“弟妹,煮药我倒是可以帮忙,偶尔去把脉看看胎脉也是可以,但是为何还要我去喂药,陪落儿姑娘聊天……解闷?这些,不是应该你去做的吗?或者婢女也可以代劳的……”长的和善好欺负,并不代表真的可以任人宰割,幽云觉一向抱着名则保身的想法,不去管任何事情。
“因为……你欠我一个人情!”
枫舞将在皇城遇到冯妍儿的事情稍有保留的告诉了幽云觉,一些后宫的恩怨枫舞只是一句带过,只是着重说了自己让他的爹娘双宿双飞,因此他这个做儿子的自然要换她一个人情。
幽云觉感慨之后,就是哭笑不得,说枫舞心计重吧,却又觉得她有些任性的可爱,为了她所谓的“人情”,幽云觉只好答应这个要求。
这些日子,幽云觉也算是知道枫舞为何让他过来照看落儿了,每次他一到落儿的房间就感到身后一道可以杀死人的目光,所以他现在才特地搬了个椅子,坐在那个视线看不到的地方。不过,相处了一个月的时间,他也发现了落儿所有的话题几乎都不离枫舞,看来她和枫舞之间的感情很深,但是,他也发现了一个事情……
“落儿姑娘,有件事情我不知道当讲不当讲……”幽云觉犹豫着,其实说出这句话,他自然是忍不住想要说出的。
“二公子你直说无妨……”这一个月来的照顾,落儿已把幽云觉当作朋友一般看待。
“嗯……落儿姑娘可有想过,如果有一天枫舞不能再在你身边,或是不能再如此的保护你,不让你受一点伤害,届时,你该怎么办?”幽云觉尽量说的委婉了些,他觉察到落儿太过依赖枫舞了,在他知道落儿的一些事情后,他更加发现了其中的一些问题,不知道他现在说出来,是否来得及……
落儿心中一惊,语气有些干涩的问道,“不知二公子……是何意?”
听出落儿语气中的不安,幽云觉立刻安抚道,“不要误会,我并没有其他的意思,只是说如果……”看着落儿眼中的不安有增无减,幽云觉叹了口气,干脆直接说道,“落儿姑娘,可有觉得自己太过依赖枫舞了呢?”
“咦?”落儿没想到幽云觉会说出这么一句,有些微讶。
幽云觉沉吟了一会,继续道,“落儿姑娘和闻将军的事情我略有听闻……恕我冒昧问一句,落儿姑娘在闻家被如此不公平的对待,却一点都没有反抗,是否有想过,自己就算这么被欺负,枫舞迟早有一天会知道,到时她一定会替你报仇?”

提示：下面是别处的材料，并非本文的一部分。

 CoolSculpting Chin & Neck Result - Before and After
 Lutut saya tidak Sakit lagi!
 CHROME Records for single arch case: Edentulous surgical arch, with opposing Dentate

落儿心中一阵狂跳,猛然激动的直起身,一向温柔的神色带上难有的怒色,大声说道,“二公子!你怎么可以这么说!我从来……从来……”话说到一半,落儿低叫一声,感到腿有些抽筋,一阵生疼。
“落儿姑娘,你不要激动,我只是随便聊一聊……这并没什么,从小你们两就在一起,弟妹性格强势,习惯保护你,而你也习惯被她保护,你们俩是相互依赖,虽然所依赖的地方不同……所以,就算你有那样的想法也不奇怪……”幽云觉离开椅子改坐床边,抚住落儿的肩将她轻柔的按回靠枕上,然后揉着她腿上穴道,让她稍微放松一些,他并不是想要刺激她啊。
落儿带着没有退去的愤怒看着幽云觉,幽云觉心中叹着,看来他不应该说的,明哲保身,名哲保身啊……

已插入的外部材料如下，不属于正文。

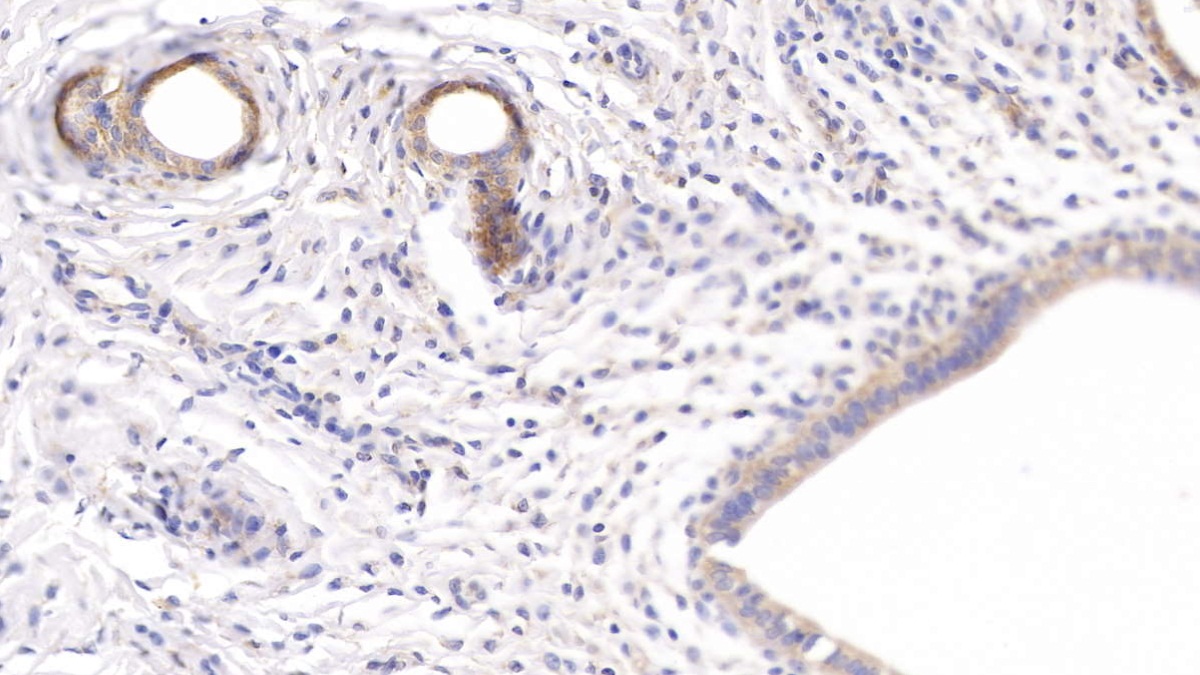 Polyclonal Antibody to Secreted Frizzled Related Protein 1 (SFRP1)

“请你继续说下去……”落儿忽然开口道,声音有些哽咽的沉闷。
幽云觉转过头看向落儿,她的眼眶红了一圈,幽云觉叹了一口气,坐回椅子,沉默了片刻,说道,“但是,枫舞也是人,她也有自己的感情和痛苦,她也会受伤,她可以牺牲很多东西来保护你,相信你也知道,枫舞情愿选择伤害自己,让自己变得残忍污秽,让别人敬而远之……”
“小姐才不残忍也不污秽!小姐是最好的……最好的!”落儿捂着嘴巴不让自己哭出来。
幽云觉掏出手帕递给落儿,“对你来说枫舞的确是最好的,枫舞习惯将你纳入她的羽翼之下,而你也习惯的被她保护,所以你们都以为这是理所应当。但你有没有想过其他人会怎样看待枫舞?你又有没有想过,如果有一天遍体鳞伤的枫舞无力再保护你,你该怎么办?你不能一直这样依赖枫舞,这不仅是枫舞要想一想的,也是你自己应该跨过的一道槛啊……”

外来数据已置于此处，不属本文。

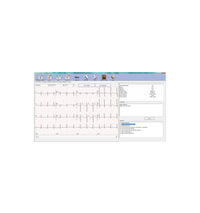 ECG PC SE-1010 Edan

落儿没有接过手帕,只是双手捂着脸,肩膀不住地颤抖着,是的,幽云觉说的一点都没错,在闻家她处处被刁难,却忍气吞声,虽然她是想要做好一个妻子一个媳妇,可是最后她还是受不了一切,想要回到枫舞身边,表面上虽然劝着枫舞,但是她知道枫舞一定会替自己讨一个公道!为什么她自己不反抗?是因为自己不想让闻向迟难做,更不想让他的娘讨厌她,却想着让枫舞来做这个“坏人”!自己真的好可怕好讨厌,为什么会变成这样?!
“落儿姑娘……”幽云觉有些不忍,如今她怀着身孕,实在不适合如此激动啊,看来,他又做错了……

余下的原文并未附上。